→ **Problem requirements**
In the material below, the required lines run from the one containing "Il chiostro del" through the one containing "Vitrazhi Hotel". Copy those lines exactly, ends included, and nothing else.

→ **Material for this exercise**
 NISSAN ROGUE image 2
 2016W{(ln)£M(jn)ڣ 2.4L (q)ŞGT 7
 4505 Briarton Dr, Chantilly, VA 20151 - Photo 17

--

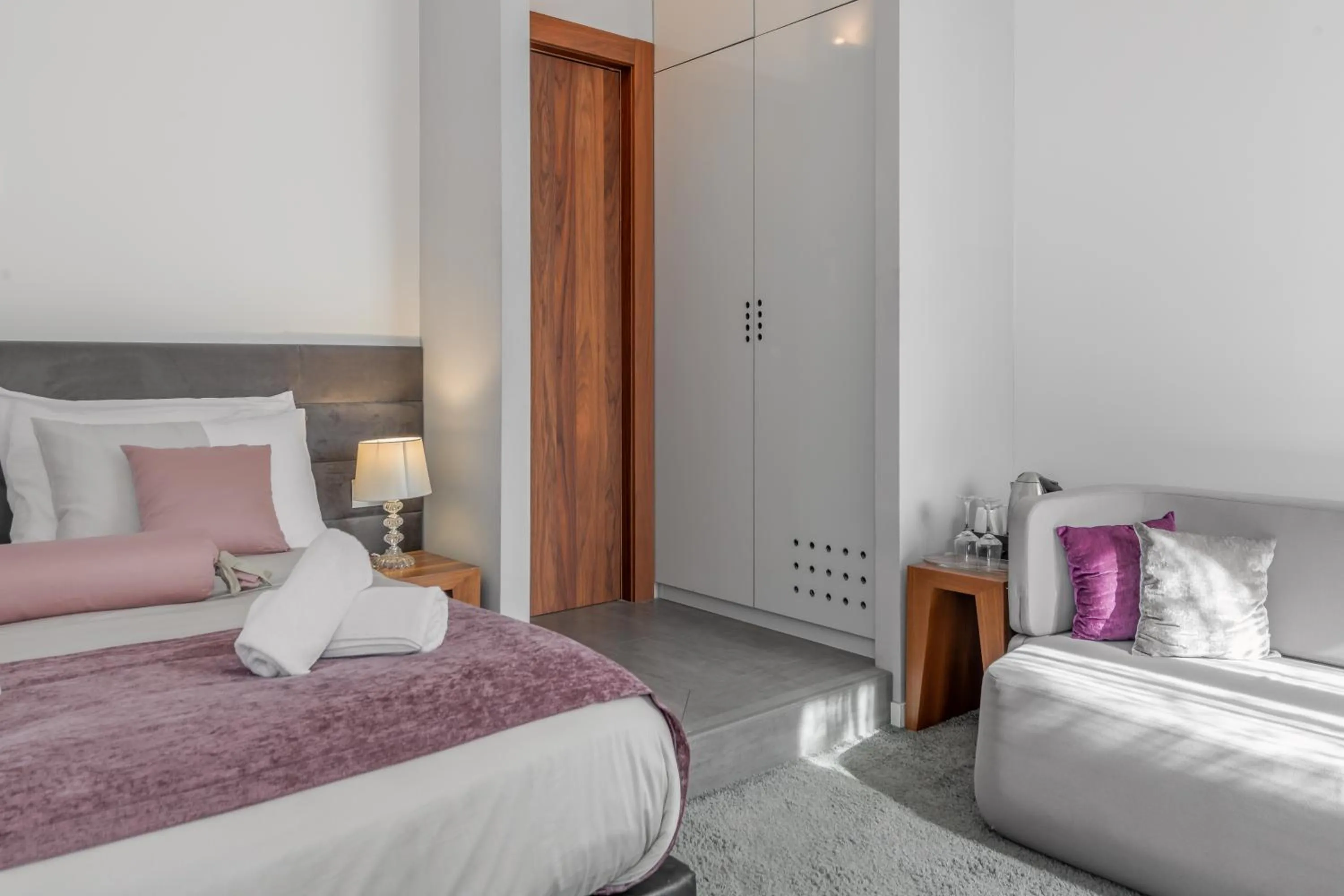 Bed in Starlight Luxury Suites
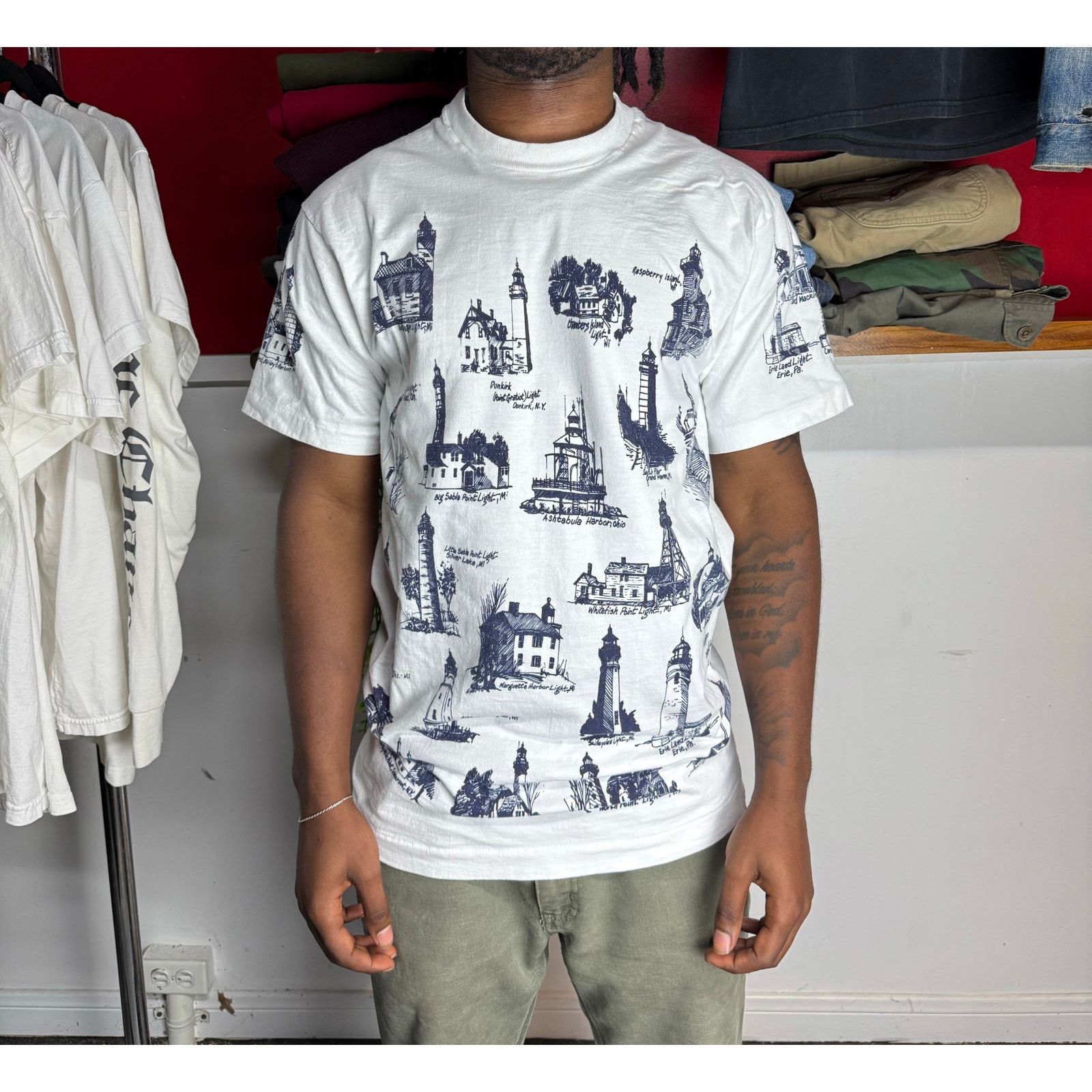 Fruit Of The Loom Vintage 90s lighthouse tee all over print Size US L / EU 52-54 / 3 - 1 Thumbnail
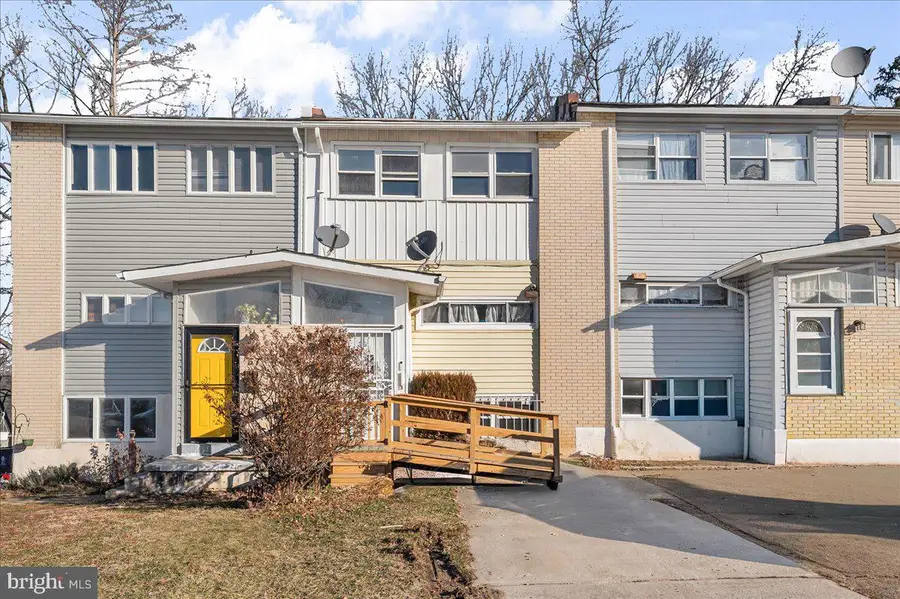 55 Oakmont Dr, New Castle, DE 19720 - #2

==

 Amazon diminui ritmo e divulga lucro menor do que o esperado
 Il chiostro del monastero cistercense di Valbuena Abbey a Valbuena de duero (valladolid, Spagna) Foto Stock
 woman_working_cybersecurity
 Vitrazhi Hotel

→ **Reply**
 Il chiostro del monastero cistercense di Valbuena Abbey a Valbuena de duero (valladolid, Spagna) Foto Stock
 woman_working_cybersecurity
 Vitrazhi Hotel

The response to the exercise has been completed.